O Sporting reforçou a sua candidatura ao título e o FC Porto abdicou da candidatura ao título – foi a primeira conclusão da semana.
As imagens da SAD portista, com Pinto da Costa à cabeça das hostes, no túnel do Dragão fazem prova do fim de um regime – foi a segunda conclusão da semana.
Precipitaram-se, na minha opinião, os analistas.
É certo que o desaire com o Estoril promoveu uma troca de lugares no topo da tabela. O Sporting subiu para o segundo posto e o FC Porto desceu para o terceiro posto. Mas como pode ser o Sporting (em festa) mais candidato do que o FC Porto (destroçado) quando ainda faltam tantas jornadas e sendo a distância que os separa do líder quase igual? 
E sabendo-se que o actual líder se especializou nas duas anteriores edições da prova em desperdiçar infantilmente vantagens de monta.

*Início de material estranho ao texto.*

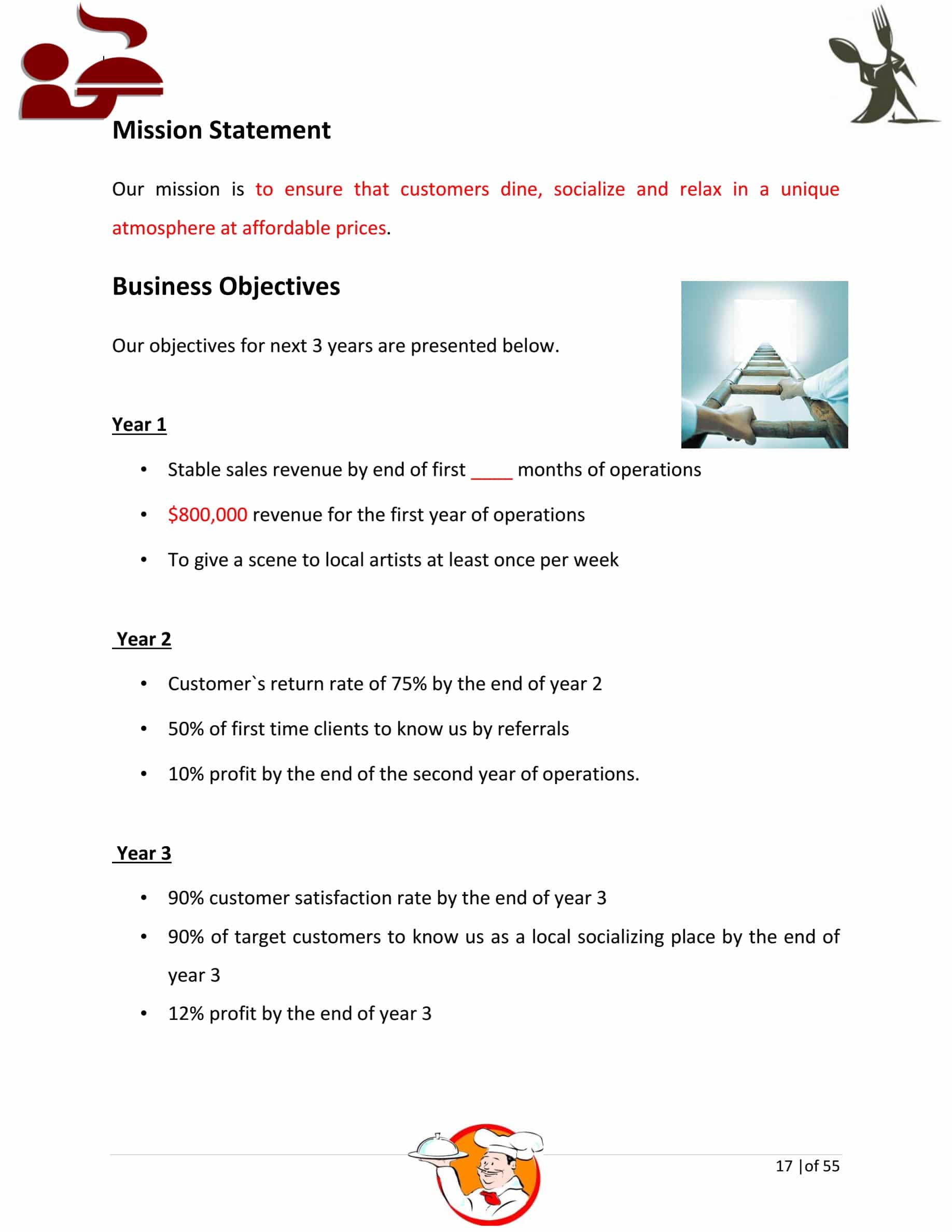 Detail Restaurant Business Proposal Template Nomer 34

Por que razão, política ou administrativa, são intransponíveis os 7 pontos de atraso do FC Porto para o Benfica e são transponíveis os 6 pontos que separam o Sporting do Benfica? E são 6 pontos visto que o Benfica e Sporting já jogaram duas vezes e em caso de igualdade pontual à última jornada o desempate favorece os da Luz que empataram em Alvalade e ganharam na recepção ao rival.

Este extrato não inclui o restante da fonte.